**Required work**
In the material below, find the line with "口腔溃疡治疗效果最好的方法是什么"; set down that line and every line after it to the end, exactly, without pictures.

**Provided material**
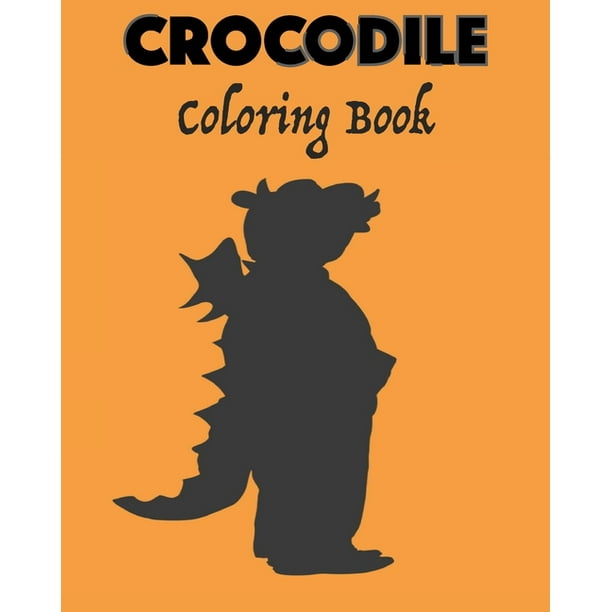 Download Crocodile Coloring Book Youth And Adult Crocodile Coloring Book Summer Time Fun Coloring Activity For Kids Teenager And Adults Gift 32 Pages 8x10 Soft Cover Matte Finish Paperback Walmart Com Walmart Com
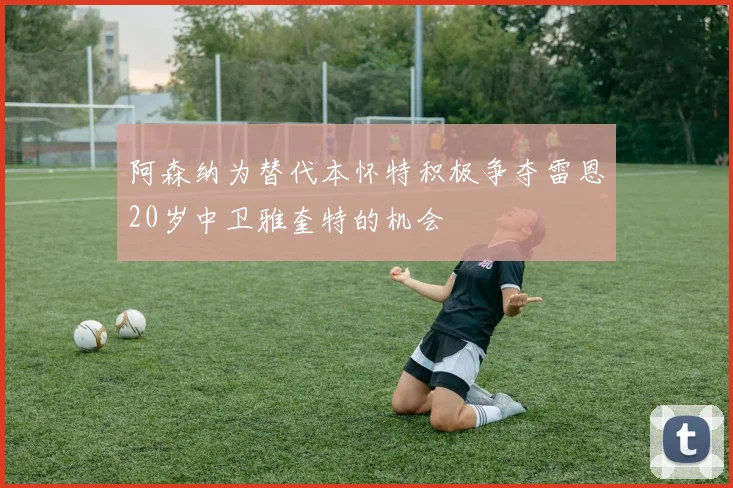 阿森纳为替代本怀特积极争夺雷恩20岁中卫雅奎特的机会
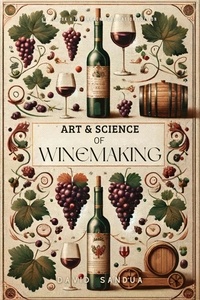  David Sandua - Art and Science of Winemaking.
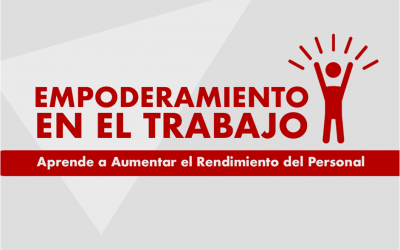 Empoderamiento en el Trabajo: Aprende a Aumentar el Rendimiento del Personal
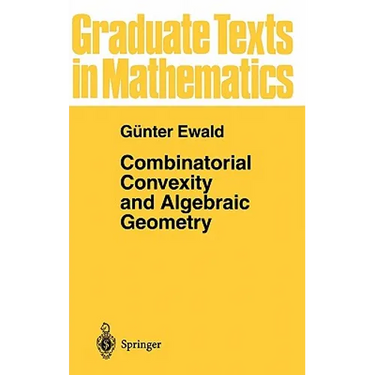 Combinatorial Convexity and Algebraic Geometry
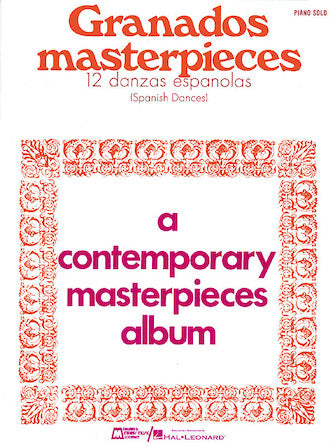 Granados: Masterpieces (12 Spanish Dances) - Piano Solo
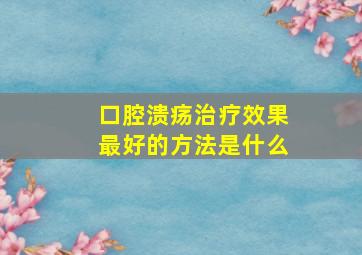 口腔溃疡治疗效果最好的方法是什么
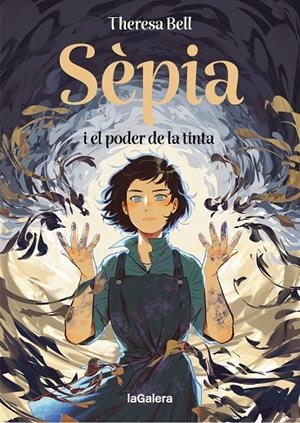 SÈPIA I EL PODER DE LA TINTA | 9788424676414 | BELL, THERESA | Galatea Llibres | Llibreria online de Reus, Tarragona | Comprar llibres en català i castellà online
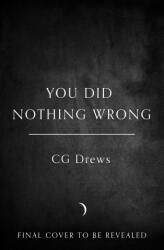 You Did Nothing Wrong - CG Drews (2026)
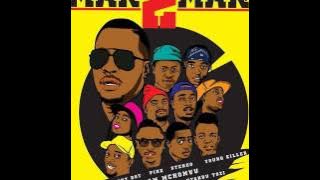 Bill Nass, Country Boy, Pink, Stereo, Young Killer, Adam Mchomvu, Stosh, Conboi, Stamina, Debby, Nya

**Result of this exercise**
 口腔溃疡治疗效果最好的方法是什么
 SÈPIA I EL PODER DE LA TINTA | 9788424676414 | BELL, THERESA | Galatea Llibres | Llibreria online de Reus, Tarragona | Comprar llibres en català i castellà online
 You Did Nothing Wrong - CG Drews (2026)
 Bill Nass, Country Boy, Pink, Stereo, Young Killer, Adam Mchomvu, Stosh, Conboi, Stamina, Debby, Nya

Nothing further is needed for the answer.